Oleh:
M Rizal Fadillah || Pemerhati Politik dan Kebangsaan
BAHWA Bung Karno berpidato pada 1 Juni 1945 menawarkan rumusan ideologi negara apakah Pancasila, Trisila, atau Ekasila tak bisa dibantah sebagai fakta sejarah. Pidato “perasan” ini disampaikan di depan peserta sidang BPUPKI yang dipimpin dr. Radjiman Wedyodiningrat.
Masalahnya adalah Ir. Soekarno sama sekali tidak menetapkan atau bersepakat pada Pancasila rumusan 1 Juni tersebut. Masih mengambang dan itu adalah sebatas tawaran pilihan. Usulan dan pidato-pidato berikut dari para peserta sidang tidak menyepakati tawaran Bung Karno tersebut. Dalam rangka menggodok semua masukan peserta sidang maka dibentuk Panitia Sembilan yang diketuai Ir. Soekarno sendiri.

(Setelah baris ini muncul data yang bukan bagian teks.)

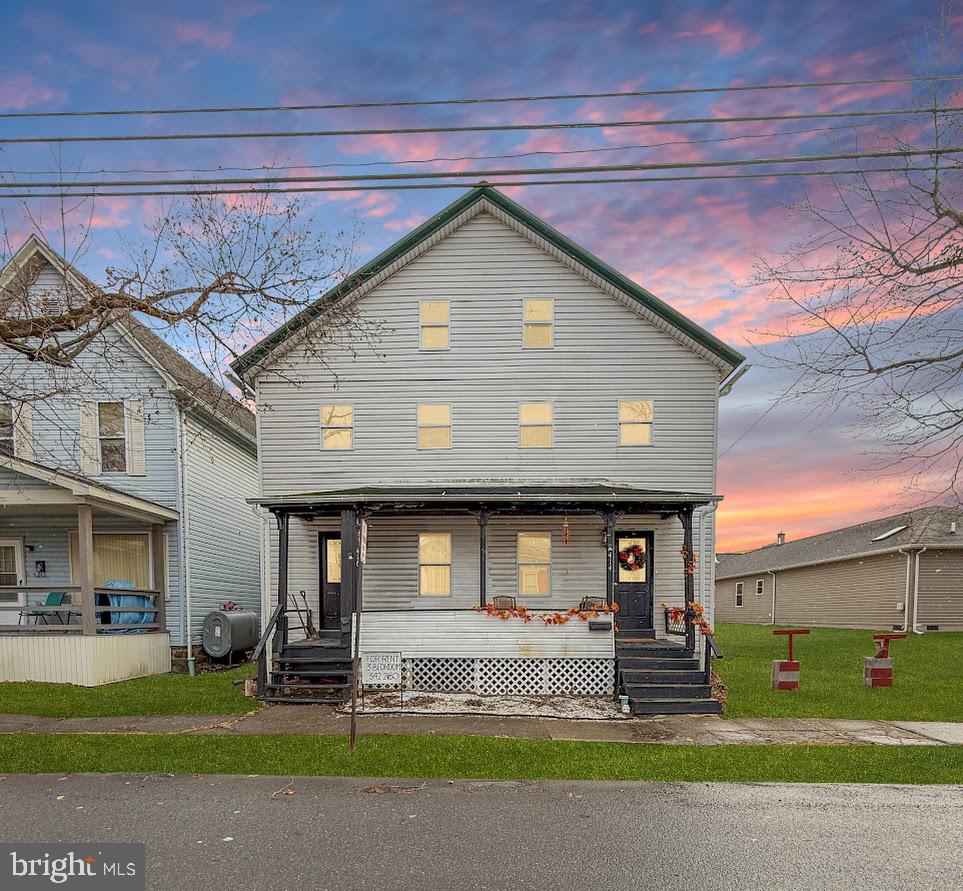 100 E Beaver St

Panitia Sembilan sepakat rumusan Pancasila sebagaimana yang dikenal dengan Piagam Jakarta. Sila pertama adalah “Ketuhanan dengan kewadjiban mendjalankan syari’at Islam bagi pemeluk-pemeluknja”. Bung Karno tentu menandatangani rumusan Pancasila 22 Juni 1945 tersebut. Maka lahirlah Pancasila.

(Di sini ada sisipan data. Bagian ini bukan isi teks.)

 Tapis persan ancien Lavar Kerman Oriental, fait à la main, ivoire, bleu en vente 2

Inilah Pancasila yang dilahirkan oleh BPUPKI. Oleh Ir. Soekarno.
Maka keliru jika menyatakan 1 Juni 1945 sebagai kelahiran Pancasila. Belum ada kesepakatan apa-apa saat itu. Masih penggodogan, adu konsep atau adu tawar gagasan. Soekarno sendiri masih ragu soal Pancasila sehingga merasa perlu menawarkan untuk dipertimbangkan alternatif Trisila dan Ekasila. Tawaran ini pun tidak mendapat sambutan apalagi persetujuan. Soekarno telah men”drop” tawarannya dan tidak mencoba memperjuangkan pasca pidato. Tidak ada lobi-lobi “ngotot” untuk menggoalkan Trisila dan Ekasila.
Fakta terakhir yang disetujui oleh Soekarno adalah Pancasila dengan rumusan sebagaimana tercantum dalam “Piagam Jakarta”. Soekarno tidak menyesal atas tidak diterima tawaran “peras perasan” sila-sila pada Trisila dan Ekasila. Rumusan “Piagam Jakarta” adalah keyakinan dan kebenaran ideologi yang diterima Ir. Soekarno. Ini adalah rumusan ideal ideologi. Sekurangnya untuk saat itu.

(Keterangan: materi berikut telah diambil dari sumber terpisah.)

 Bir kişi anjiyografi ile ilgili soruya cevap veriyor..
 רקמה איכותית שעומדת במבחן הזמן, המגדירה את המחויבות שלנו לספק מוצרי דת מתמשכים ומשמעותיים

Kini Soekarnois mencoba memasukan Pancasila (1 Juni 1945), Trisila, dan Ekasila dalam Pasal RUU HIP. Tidak disadari bahwa perjuangan ini adalah penghianatan pada diri Soekarno sendiri. Presiden pertama ini sudah men”drop” gagasan itu. Bahkan secara formiel dan materiel Soekarno sudah menerima dan sepakat pada rumusan Pancasila 22 Juni 1945. Kemudiannya menjadi Rumusan Pancasila 18 Agustus 1945.
Saat Dekrit 5 Juli 1959 Soekarno menyatakan bahwa Piagam Jakarta menjiwai UUD 1945 dan merupakan satu kesatuan dengan UUD tersebut. Tidak terlintas dalam fikiran Soekano bahwa Pancasila 1 Juni 1945 atau Trisila dan Ekasila itu menjadi jiwa dari UUD 1945.
Menghidupkan sesuatu yang sudah dikubur oleh Soekarno sendiri merupakan upaya yang bukan saja menghianati bangsa Indonesia tetapi juga menghianati pribadi proklamator bangsa Indonesia yang bernama Ir. Soekarno.